Without including any pictures, return the records below exactly as written.

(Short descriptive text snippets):
━━━

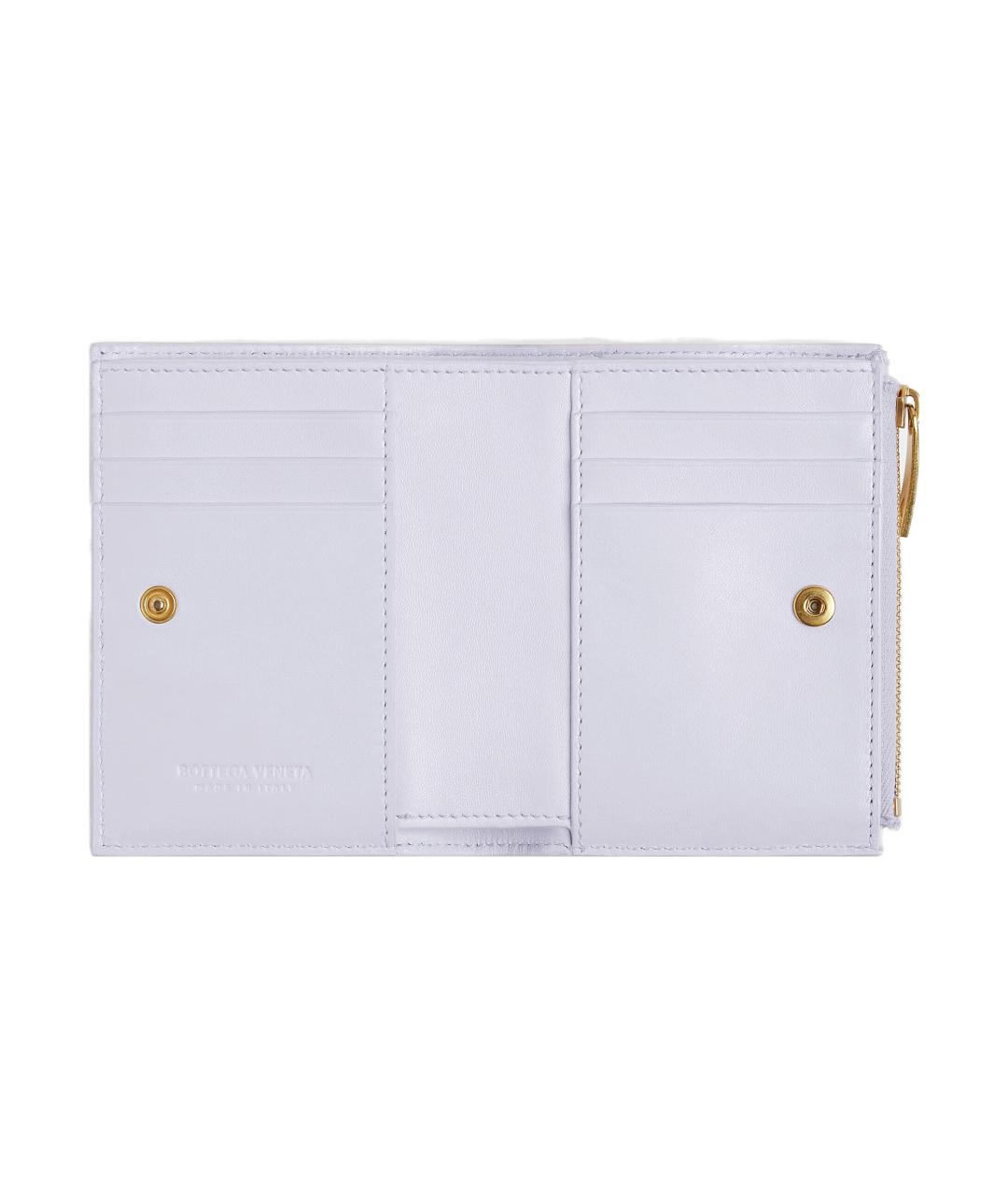 BOTTEGA VENETA Фиолетовый кожаный кошелек, фото 2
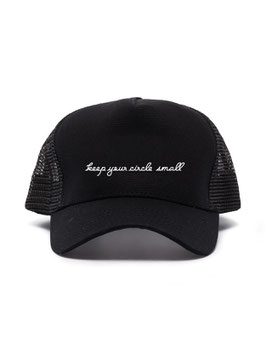 Small Circle Cap- Black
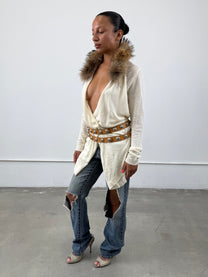 ‘Émilie’ Leather Studded Belt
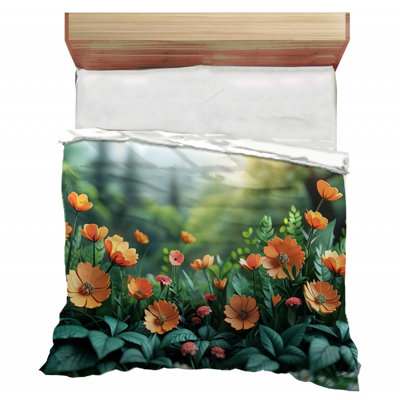 Wildflowers Nature Forest Polyester / Microfiber Floral Comforter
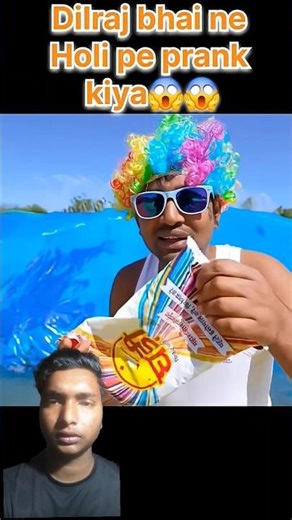 Mr. Indian Hacker pranked people on Holi and had a lot of fun.#experiment #holi #prank
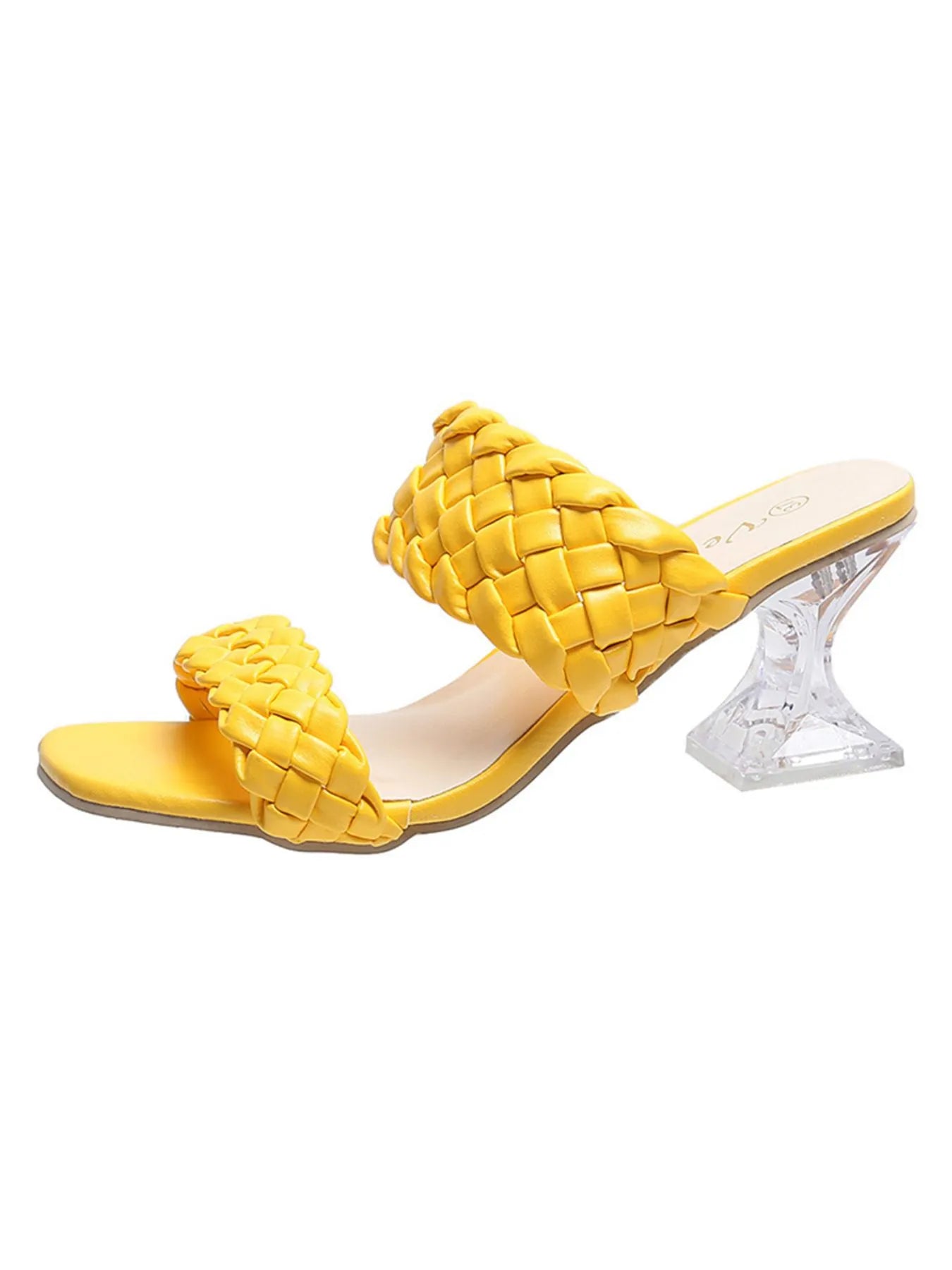 Woven Pattern Double Strap Sandals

━━━

(Written response):
 BOTTEGA VENETA Фиолетовый кожаный кошелек, фото 2
 Small Circle Cap- Black
 ‘Émilie’ Leather Studded Belt
 Wildflowers Nature Forest Polyester / Microfiber Floral Comforter
 Mr. Indian Hacker pranked people on Holi and had a lot of fun.#experiment #holi #prank
 Woven Pattern Double Strap Sandals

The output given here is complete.